# Unsupervised Learning: More Density Clustering

In [None]:
import numpy as np 
import pandas as pd
from sklearn.cluster import DBSCAN, OPTICS
from sklearn.datasets import make_circles
from sklearn.metrics import silhouette_score, davies_bouldin_score, calinski_harabasz_score
import seaborn as sns
import matplotlib.pyplot as plt

Learning objectives:
- Practice implementing density clustering
- Practice visualizing and evaluating performance
- Understand the subtle differences between different density clustering algorithms

Notes:
- Use `sklearn.datasets` as needed
- Put all import statements at the top of this notebook
- Use `sns.scatterplot` to plot the clusters (e.g. `hue=color_var`)

## Datasets

We'll work with two synthetic datasets to explore how density clustering handles different density scenarios:

1. **Dataset 1**: Noisy concentric circles with **even density** (uniformly distributed points)
2. **Dataset 2**: Clusters with **very uneven density** (dense, medium, and sparse clusters)

In [None]:
# Dataset 1: Noisy concentric circles with even density
np.random.seed(42)
X_circles, y_circles = make_circles(n_samples=1000, factor=0.5, noise=0.05)

# Visualize the dataset
plt.figure(figsize=(8, 6))
sns.scatterplot(x=X_circles[:, 0], y=X_circles[:, 1], alpha=0.6)
plt.title('Dataset 1: Noisy Concentric Circles (Even Density)')
plt.xlabel('Feature 1')
plt.ylabel('Feature 2')
plt.axis('equal')
plt.show()

print(f"Dataset shape: {X_circles.shape}")
print(f"Notice: Both circles have the same point density")

In [None]:
# Dataset 2: Clusters with very uneven density
# Create multiple blobs with very different standard deviations to simulate extreme varying densities
np.random.seed(42)

# Very dense cluster (very small std, many points)
X_dense = np.random.randn(400, 2) * 0.3 + np.array([0, 0])

# Medium density cluster
X_medium = np.random.randn(250, 2) * 0.6 + np.array([3, 3])
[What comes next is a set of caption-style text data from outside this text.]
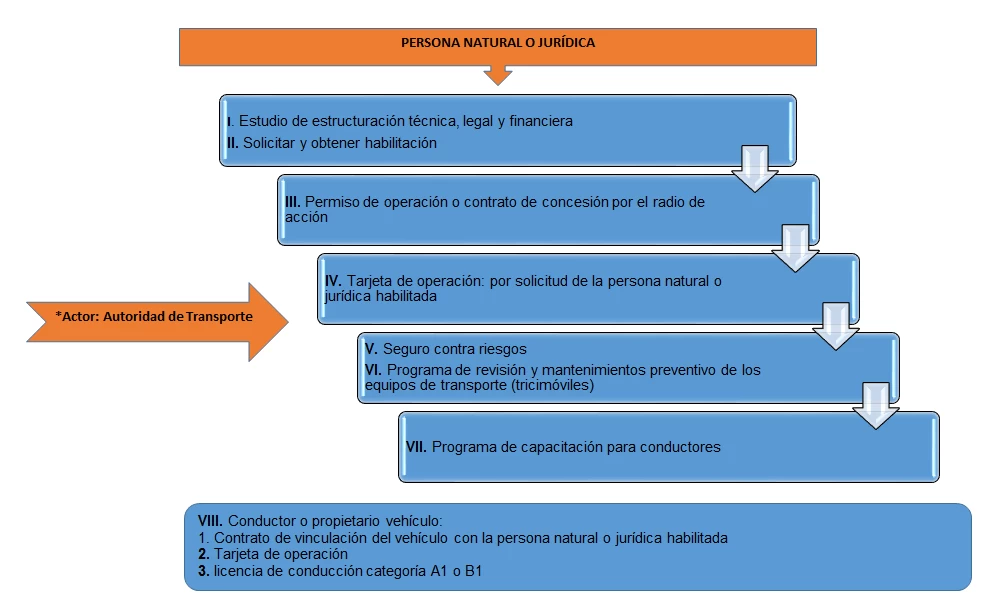 Persona natural o juridica
Estudio de estructuración técnica, legal  financiera.
Solicitar y obtener habilitación
Permiso de operación o contrato de concesión por el radio de acción.
Tarjte de operación: Por la solicitud de la persona natural o juridica habilitada
Seguro contra riesgos
Programa de revisión y mantenimientos preventivos de los equipos de transporte (tricimoviles)
Programa de capacitación para conductores
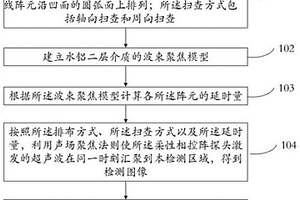 基于超聲相控陣的鑄鋁金具蜂窩狀缺陷檢測(cè)方法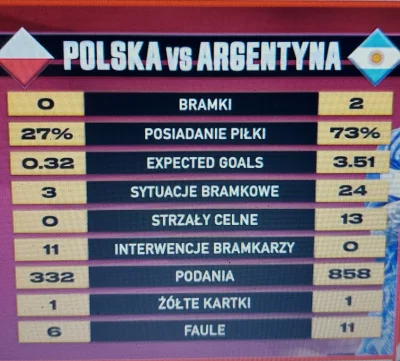 pogop - #tojestdramat #pilkanozna #mundial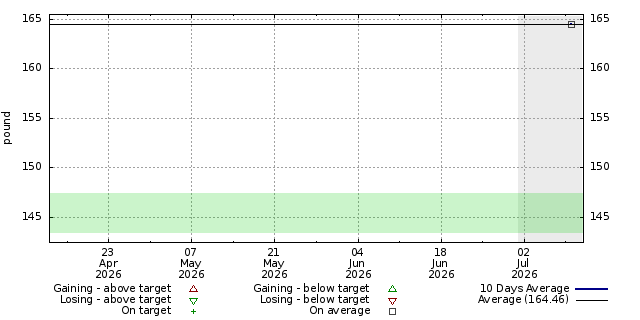 Diet graph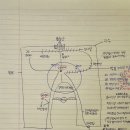 강진 2박3일 뚜벅이 여행 | 백련사 템플스테이, 올모스트홈스테이 강진 마량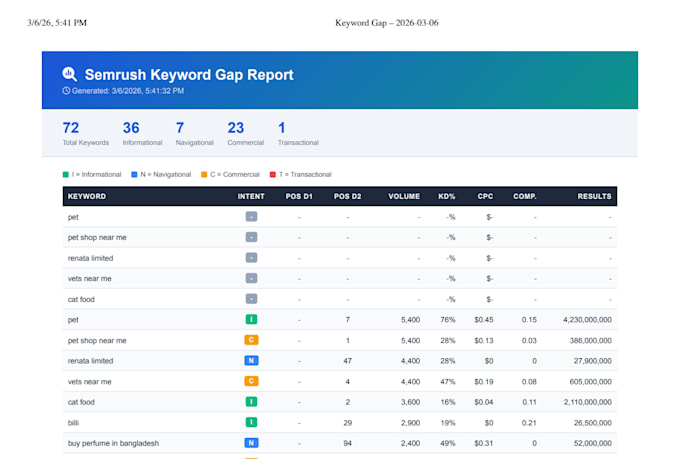 do keyword research ,competitor analysis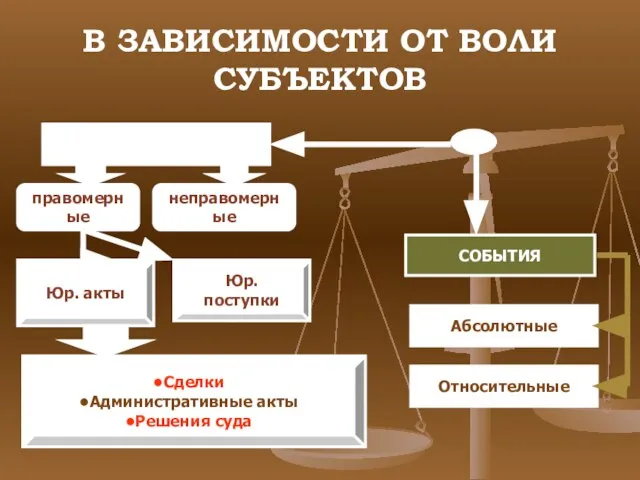 В ЗАВИСИМОСТИ ОТ ВОЛИ СУБЪЕКТОВ ДЕЙСТВИЯ СОБЫТИЯ правомерные неправомерные Юр. акты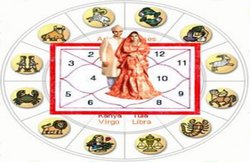 ज्योतिष शास्त्र: क्या मांगलिक होना है कोई दोष? और मंगली का मांगलिक से ही क्यों होता है विवाह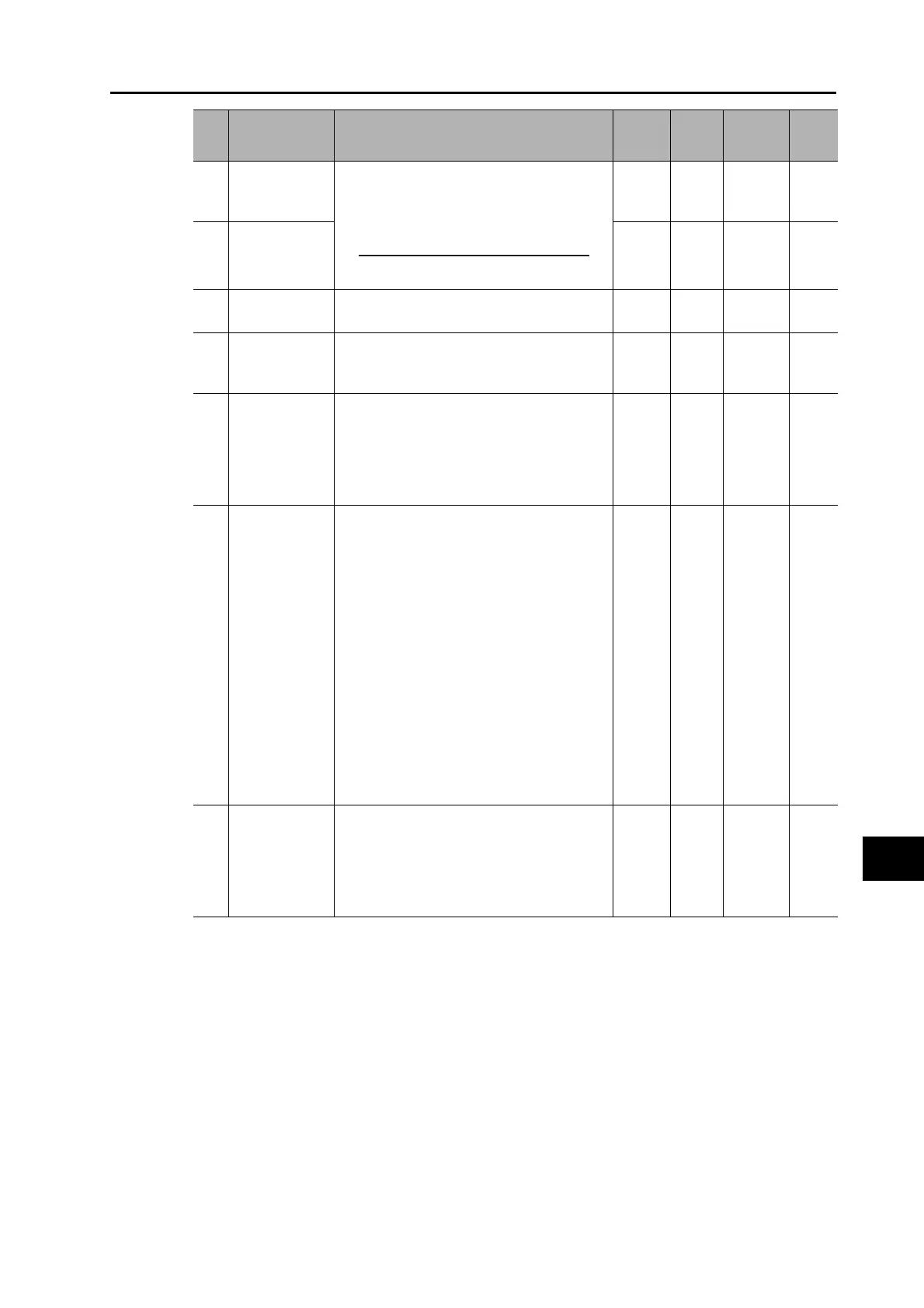 Page #461 background image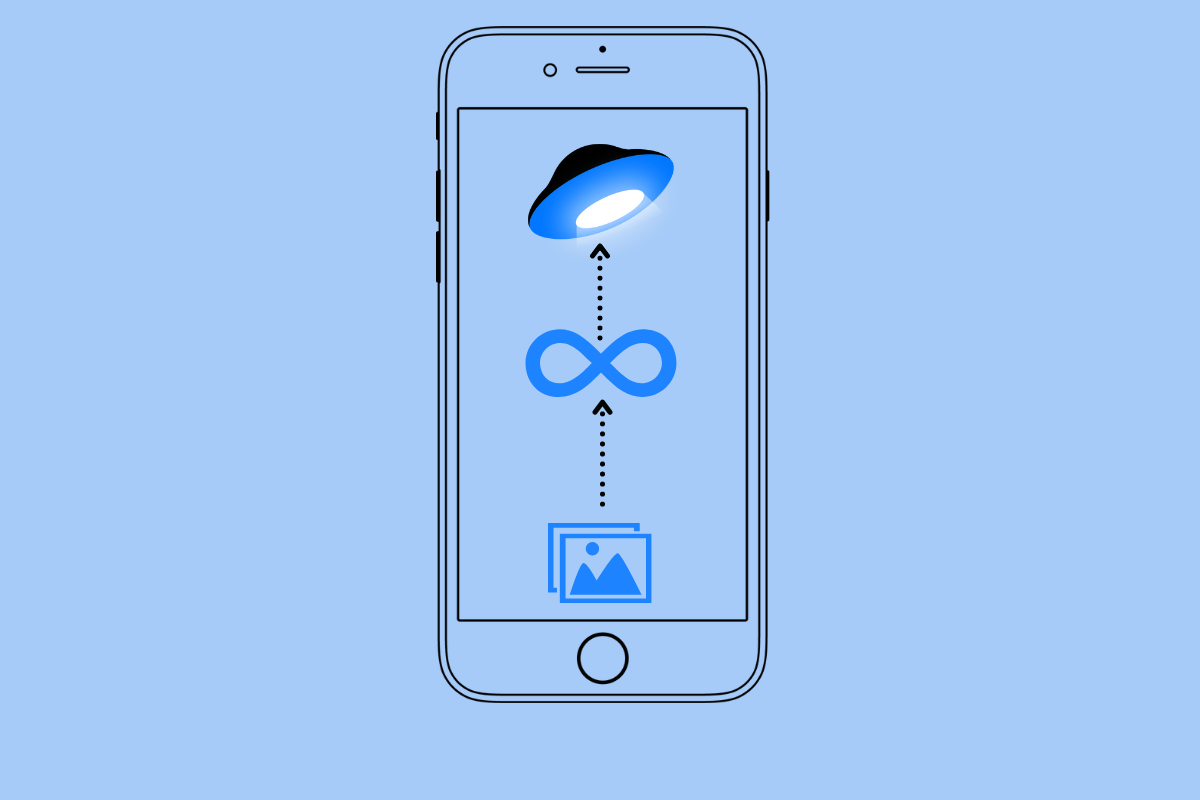 Free Unlimited Photo Cloud Storage In 2025 Free Unlimited Photo Cloud Storage In 2025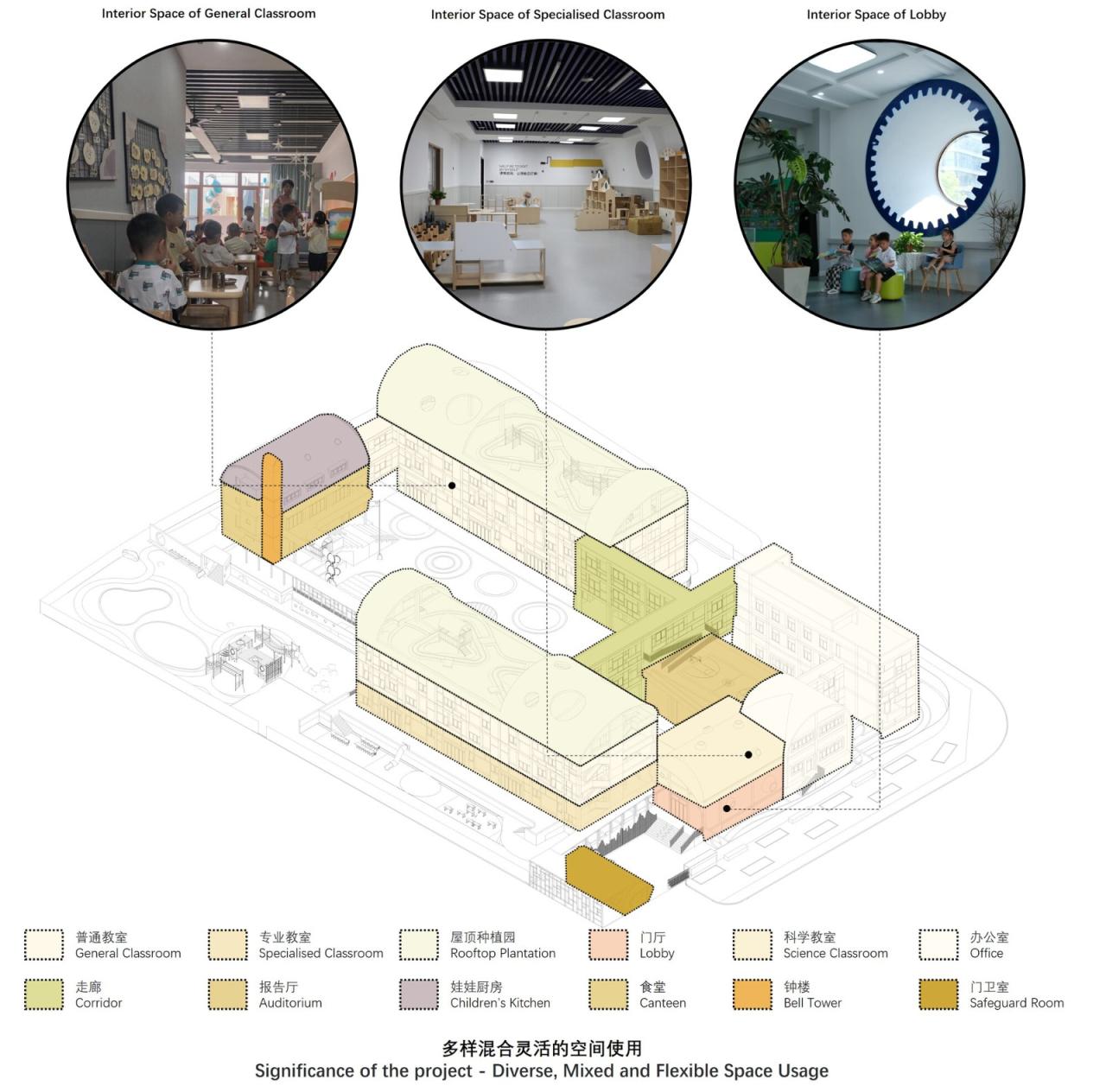 BIM建筑|陌桑幼儿园新建工程 / 上海交通大学城镇空间文化与科学研究中心 BIM建筑|陌桑幼儿园新建工程 / 上海交通大学城镇空间文化与科学研究中心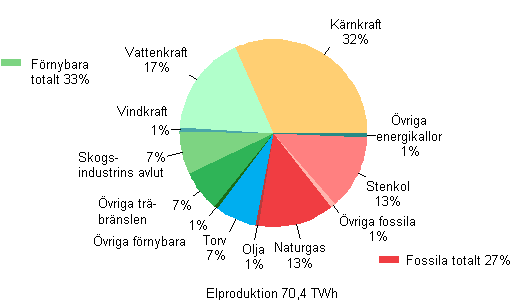 Figurbilaga 1. Elproduktion efter energikällor 2011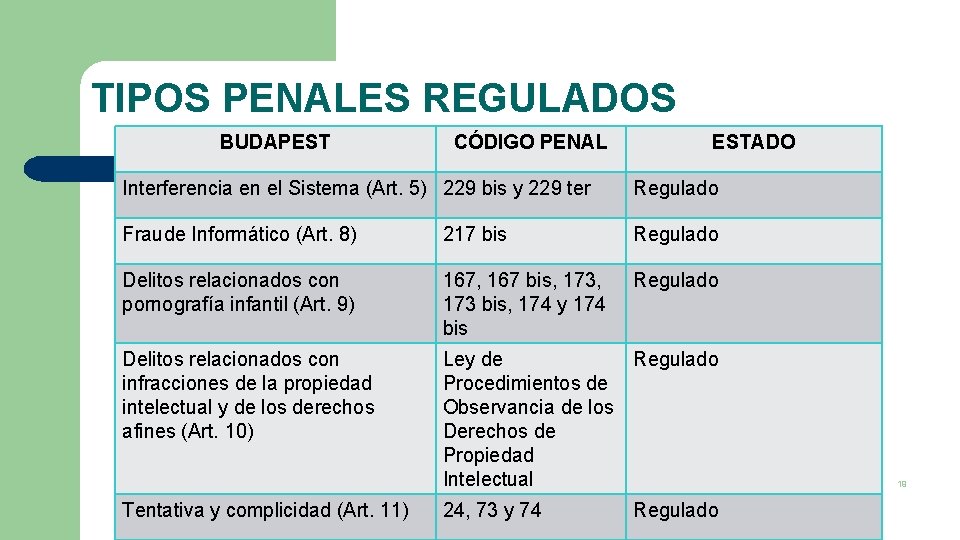 TIPOS PENALES REGULADOS BUDAPEST CÓDIGO PENAL ESTADO Interferencia en el Sistema (Art. 5) 229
# Very sparse cluster (large std, fewer points)
X_sparse = np.random.randn(150, 2) * 0.9 + np.array([-3, 2])

# Combine all clusters
X_uneven = np.vstack([X_dense, X_medium, X_sparse])

# Visualize the dataset
plt.figure(figsize=(8, 6))
sns.scatterplot(x=X_uneven[:, 0], y=X_uneven[:, 1], alpha=0.6)
plt.title('Dataset 2: Clusters with Very Uneven Density')
plt.xlabel('Feature 1')
plt.ylabel('Feature 2')
plt.axis('equal')
plt.show()

print(f"Dense cluster: 400 points, std=0.3")
print(f"Medium cluster: 250 points, std=0.6")
print(f"Sparse cluster: 150 points, std=0.9")
print(f"Notice: Very different densities within the same dataset!")

----

## Part 1: DBSCAN Clustering

**Quick Parameter Guide:**
- `eps`: Maximum distance between two points to be considered neighbors
  - Too small → Everything becomes noise
  - Too large → Everything merges into one cluster
  - **Hint**: For Dataset 1 (circles), try values around 0.15-0.20
  - **Hint**: For Dataset 2 (uneven), you'll need to experiment more!
- `min_samples`: Minimum number of points to form a dense region
  - **Hint**: Start with 5

### Q: Use `sklearn`'s `DBSCAN` to cluster both datasets

Try different `eps` values to see what works best!

In [None]:
# DBSCAN on Dataset 1: Noisy Concentric Circles (Even Density)
# YOUR CODE HERE
# dbscan_circles = DBSCAN(eps=    , min_samples=    )
# labels_dbscan_circles = dbscan_circles.fit_predict(     )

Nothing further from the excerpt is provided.